The negative political ads have started to surface in the run-up to the November 3 election, including in the Missouri governor’s race. Gov. Mike Parson, a Republican, faces State Auditor Nicole Galloway, a Democrat.
A television ad going after Galloway has been revised. The ad, produced by a political action committee backing Governor Parson, says “as auditor, Galloway flagrantly ignored ethics laws, failing to disclose her husband lobbied for state tax credits.” In a press call, Galloway says the ad is filled with lies.
“Let me be clear, no member of the Galloway family has ever lobbied the state of Missouri for tax credits on behalf of Veterans United Home Loans,” says Galloway. “The company itself has said so.”
Galloway says the PAC, called Uniting Missouri, is using “hit-and-run tactics.”
“They lie. They get caught lying, so they move onto the next lie,” says Galloway. They don’t think the media or the public is fast enough to stay ahead of their lies. I’m not going to play their game.
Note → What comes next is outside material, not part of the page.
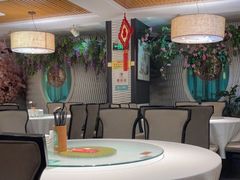 大堂-湘知湘味(岳麓山店)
I’m going to call it for what it is – a campaign of lies to distract voters from the governor’s incredible failure to lead our state through the biggest crisis we’ve faced in 100 years.”
The Missouri Ethics Commission’s website lists the state auditor’s husband, Jon, as a registered lobbyist for the Mortgage Research Center, known as Veterans United Home Loans, from September 2013 to March 2015. According to the Missouri Accountability Portal that shows citizens how the state is spending their money, the company was awarded $11 million in state tax credits in 2013.
Michael Berg, a spokesman for political action committee Uniting Missouri, says the group voluntarily made minor tweaks to the ad.
Original ad: “Galloway fragrantly ignored ethics laws, failing to disclose her husband lobbied for state tax credits.”
New ad: “Galloway ignored ethics laws, failing to disclose her husband lobbied for a company that got state tax credits.”
In August, Missouri voters signed off on expanding government-funded Medicaid healthcare coverage to another 230,000 adults. Galloway has said she is concerned that Parson cannot be trusted to implement the expansion. She has said the governor would raise taxes to implement Medicaid expansion. Berg takes issue with that comment.
“Unlike Auditor Galloway, Governor Parson has a record of cutting taxes for Missourians,” says Berg.
At a press conference after the ballot measure’s passage, Gov. Parson, who opposed the expansion, was asked to comment about the outcome of the vote.
“The people voted for it we. So we’re going to implement it in the state of Missouri because that was the will of the voters. We just got to figure out – the big thing is where do you find the funding for it right now. You’re probably looking at $200 million or something like that off the bat,” says Parson. “So we’ve got to figure out where that funding is going to come from. Hopefully the economy gets better. Hopefully we can meet that financial obligation a little easier but right now it’s tough times.”
Berg says Galloway’s campaign falsely claims the governor opposes protections for pre-existing health conditions. Parson’s campaign website states that the governor and his administration helped to introduce legislation this year that would ban health insurance plans from imposing a preexisting condition exclusion and would require health insurance plans to offer coverage for dependent children up to age 26. The measures, Senate Bill 970 and House Bill 2507, got caught up in the COVID-19 storm, like many bills, and did not gain traction.
Other candidates running for Missouri governor in November are Libertarian Rik Combs and Green Party member Jerome Howard Bauer.